The court did not address another portion of the law that prohibits people from carrying unregistered guns on the streets, which Fenty said would continue to be "vigorously" enforced.

Second Amendment's wording at issue

At issue in the case was the wording of the Second Amendment, which is broken into two parts: "A well regulated militia being necessary to the security of a free state, the right of the people to keep and bear arms shall not be infringed."
Washington had contended that the reference to "people" in the second part of the amendment should be considered as a collective right applicable only to the "militia" referred to in the first part.
But the judges in the majority held that the phrase "people" is well understood in constitutional law to refer to individuals -- and that the first clause was an explanation of the major purpose of the second clause, not a limitation on it.
"We ... take it as an expression of the drafters' view that the people possessed a natural right to keep and bear arms, and that the preservation of the militia was the right's most salient political benefit -- and thus the most appropriate to express in a political document," the ruling said.

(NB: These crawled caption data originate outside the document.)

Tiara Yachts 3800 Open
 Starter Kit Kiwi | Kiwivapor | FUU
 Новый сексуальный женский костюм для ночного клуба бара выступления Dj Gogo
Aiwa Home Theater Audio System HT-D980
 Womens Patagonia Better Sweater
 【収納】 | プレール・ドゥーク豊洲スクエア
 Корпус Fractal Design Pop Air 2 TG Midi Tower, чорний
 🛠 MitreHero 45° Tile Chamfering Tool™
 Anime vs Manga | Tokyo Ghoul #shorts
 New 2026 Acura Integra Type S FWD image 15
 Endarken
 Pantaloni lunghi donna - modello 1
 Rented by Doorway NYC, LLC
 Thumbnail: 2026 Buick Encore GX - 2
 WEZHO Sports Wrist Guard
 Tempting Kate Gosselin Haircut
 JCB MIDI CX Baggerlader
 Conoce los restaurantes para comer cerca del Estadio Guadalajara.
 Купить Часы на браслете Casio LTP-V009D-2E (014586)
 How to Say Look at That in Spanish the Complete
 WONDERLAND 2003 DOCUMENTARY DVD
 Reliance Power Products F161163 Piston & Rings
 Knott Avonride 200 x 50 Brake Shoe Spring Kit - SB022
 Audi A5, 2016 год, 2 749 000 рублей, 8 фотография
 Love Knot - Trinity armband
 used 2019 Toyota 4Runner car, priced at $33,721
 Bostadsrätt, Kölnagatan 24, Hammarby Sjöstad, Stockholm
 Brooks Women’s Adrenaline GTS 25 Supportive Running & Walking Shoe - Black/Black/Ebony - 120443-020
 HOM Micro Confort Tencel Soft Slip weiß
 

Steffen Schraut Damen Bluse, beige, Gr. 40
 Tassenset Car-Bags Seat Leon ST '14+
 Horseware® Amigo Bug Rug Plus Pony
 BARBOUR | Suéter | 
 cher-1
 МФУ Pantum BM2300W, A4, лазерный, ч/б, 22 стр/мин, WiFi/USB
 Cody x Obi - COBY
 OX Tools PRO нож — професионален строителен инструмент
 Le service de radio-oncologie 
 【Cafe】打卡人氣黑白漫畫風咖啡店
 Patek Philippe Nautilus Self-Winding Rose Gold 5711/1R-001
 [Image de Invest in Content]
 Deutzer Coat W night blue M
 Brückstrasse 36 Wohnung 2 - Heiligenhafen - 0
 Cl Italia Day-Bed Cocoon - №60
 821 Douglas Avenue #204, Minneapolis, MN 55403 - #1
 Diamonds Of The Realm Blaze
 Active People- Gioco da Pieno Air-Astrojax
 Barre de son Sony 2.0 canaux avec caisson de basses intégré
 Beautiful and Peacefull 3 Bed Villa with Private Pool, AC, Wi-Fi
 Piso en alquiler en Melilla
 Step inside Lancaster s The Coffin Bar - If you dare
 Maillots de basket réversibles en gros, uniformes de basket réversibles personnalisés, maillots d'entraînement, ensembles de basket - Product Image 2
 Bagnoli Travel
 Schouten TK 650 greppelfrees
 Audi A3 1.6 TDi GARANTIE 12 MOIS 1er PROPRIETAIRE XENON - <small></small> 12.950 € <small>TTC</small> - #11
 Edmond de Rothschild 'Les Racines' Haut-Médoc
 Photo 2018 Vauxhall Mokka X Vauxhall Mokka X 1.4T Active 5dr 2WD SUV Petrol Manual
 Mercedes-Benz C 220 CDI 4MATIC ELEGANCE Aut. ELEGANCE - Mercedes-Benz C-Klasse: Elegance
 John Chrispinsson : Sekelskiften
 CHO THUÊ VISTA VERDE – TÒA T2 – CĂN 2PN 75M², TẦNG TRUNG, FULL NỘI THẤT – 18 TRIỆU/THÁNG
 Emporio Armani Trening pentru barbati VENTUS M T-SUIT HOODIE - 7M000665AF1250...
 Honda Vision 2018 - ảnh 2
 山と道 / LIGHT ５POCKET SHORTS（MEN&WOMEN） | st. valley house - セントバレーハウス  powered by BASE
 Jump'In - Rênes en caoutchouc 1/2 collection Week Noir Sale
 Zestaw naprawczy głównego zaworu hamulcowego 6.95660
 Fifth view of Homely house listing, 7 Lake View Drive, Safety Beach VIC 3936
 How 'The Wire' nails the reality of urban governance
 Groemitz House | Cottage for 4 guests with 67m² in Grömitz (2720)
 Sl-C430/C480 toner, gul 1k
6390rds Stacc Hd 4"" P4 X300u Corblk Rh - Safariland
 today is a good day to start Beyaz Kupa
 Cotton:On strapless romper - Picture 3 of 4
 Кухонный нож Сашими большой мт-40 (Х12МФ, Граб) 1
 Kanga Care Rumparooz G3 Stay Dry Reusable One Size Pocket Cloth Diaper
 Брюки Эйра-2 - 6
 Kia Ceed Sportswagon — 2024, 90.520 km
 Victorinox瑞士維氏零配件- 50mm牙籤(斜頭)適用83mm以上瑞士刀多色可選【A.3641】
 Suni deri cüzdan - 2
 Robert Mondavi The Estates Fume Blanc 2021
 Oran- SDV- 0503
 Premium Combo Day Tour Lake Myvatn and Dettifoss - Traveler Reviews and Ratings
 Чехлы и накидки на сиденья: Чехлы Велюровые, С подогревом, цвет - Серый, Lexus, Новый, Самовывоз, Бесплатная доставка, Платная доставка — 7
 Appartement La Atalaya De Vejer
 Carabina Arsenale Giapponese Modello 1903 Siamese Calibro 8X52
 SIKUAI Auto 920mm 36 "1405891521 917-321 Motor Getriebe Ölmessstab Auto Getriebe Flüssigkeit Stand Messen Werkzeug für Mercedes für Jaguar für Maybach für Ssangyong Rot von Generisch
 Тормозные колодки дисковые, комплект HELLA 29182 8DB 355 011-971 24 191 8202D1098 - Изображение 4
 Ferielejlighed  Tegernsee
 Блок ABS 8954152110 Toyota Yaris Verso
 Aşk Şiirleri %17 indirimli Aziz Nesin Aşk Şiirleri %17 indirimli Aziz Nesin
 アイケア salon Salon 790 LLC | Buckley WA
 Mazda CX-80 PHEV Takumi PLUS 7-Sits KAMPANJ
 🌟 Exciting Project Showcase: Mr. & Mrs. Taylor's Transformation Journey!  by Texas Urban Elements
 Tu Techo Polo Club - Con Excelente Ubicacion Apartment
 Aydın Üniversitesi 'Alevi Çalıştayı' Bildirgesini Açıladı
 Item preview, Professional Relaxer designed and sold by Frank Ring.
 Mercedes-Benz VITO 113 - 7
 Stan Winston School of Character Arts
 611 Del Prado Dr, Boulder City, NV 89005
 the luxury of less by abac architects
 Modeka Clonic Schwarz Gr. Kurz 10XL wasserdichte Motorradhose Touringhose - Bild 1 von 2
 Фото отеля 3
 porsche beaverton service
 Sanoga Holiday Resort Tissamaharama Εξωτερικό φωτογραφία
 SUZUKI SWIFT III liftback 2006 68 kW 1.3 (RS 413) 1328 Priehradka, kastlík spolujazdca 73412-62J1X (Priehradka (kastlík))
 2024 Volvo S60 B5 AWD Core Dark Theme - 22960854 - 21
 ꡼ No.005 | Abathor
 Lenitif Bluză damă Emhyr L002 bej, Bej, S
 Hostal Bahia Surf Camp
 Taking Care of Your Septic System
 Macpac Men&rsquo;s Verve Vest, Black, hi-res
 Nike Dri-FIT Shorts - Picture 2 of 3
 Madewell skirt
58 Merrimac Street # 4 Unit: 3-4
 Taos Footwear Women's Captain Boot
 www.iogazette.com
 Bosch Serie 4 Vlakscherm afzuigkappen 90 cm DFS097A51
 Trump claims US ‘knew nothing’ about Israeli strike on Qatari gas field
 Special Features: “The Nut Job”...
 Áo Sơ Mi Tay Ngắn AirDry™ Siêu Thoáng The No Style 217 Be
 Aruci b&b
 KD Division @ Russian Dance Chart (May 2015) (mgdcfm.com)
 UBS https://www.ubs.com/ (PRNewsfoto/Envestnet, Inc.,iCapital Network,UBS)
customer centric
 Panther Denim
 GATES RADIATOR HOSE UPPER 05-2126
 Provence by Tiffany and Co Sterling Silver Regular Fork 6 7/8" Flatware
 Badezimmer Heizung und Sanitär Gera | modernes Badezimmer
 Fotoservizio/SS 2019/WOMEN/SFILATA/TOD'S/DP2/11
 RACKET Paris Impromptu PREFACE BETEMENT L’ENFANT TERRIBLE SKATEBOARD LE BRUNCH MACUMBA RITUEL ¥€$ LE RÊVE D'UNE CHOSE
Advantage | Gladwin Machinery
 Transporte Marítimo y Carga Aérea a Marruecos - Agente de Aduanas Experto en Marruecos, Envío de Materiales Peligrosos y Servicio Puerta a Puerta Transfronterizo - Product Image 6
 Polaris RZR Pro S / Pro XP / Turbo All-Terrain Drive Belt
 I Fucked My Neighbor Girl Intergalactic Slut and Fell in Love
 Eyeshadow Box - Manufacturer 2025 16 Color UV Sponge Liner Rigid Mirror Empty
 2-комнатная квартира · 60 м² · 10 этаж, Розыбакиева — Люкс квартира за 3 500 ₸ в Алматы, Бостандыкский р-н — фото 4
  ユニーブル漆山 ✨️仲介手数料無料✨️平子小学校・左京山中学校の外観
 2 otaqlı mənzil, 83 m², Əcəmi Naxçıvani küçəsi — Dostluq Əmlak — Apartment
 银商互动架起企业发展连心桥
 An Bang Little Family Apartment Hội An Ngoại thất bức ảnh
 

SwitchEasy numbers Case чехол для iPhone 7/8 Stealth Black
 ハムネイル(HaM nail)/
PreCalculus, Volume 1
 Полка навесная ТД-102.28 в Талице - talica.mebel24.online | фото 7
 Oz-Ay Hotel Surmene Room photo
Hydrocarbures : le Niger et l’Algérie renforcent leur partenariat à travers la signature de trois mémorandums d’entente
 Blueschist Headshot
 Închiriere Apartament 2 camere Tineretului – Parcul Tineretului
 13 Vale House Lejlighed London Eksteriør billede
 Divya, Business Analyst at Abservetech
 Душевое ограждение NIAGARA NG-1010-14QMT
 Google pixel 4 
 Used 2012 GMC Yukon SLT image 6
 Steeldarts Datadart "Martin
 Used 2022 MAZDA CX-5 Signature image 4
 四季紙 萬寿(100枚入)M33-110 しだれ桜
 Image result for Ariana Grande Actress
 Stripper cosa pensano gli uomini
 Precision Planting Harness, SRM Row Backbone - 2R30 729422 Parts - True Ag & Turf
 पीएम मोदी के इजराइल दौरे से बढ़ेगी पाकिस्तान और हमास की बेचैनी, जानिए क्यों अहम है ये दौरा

"I think this is well positioned for review by the Supreme Court," Jonathan Turley, a constitutional law professor at George Washington University, told the AP.
The Supreme Court has not taken up the issue of the Second Amendment's scope in almost 70 years, according to AP.
Attorneys general from 13 states filed a brief supporting the D.C. residents who opposed the law, while four other state attorneys general backed D.C.'s position, along with the cities of New York, Chicago and San Francisco.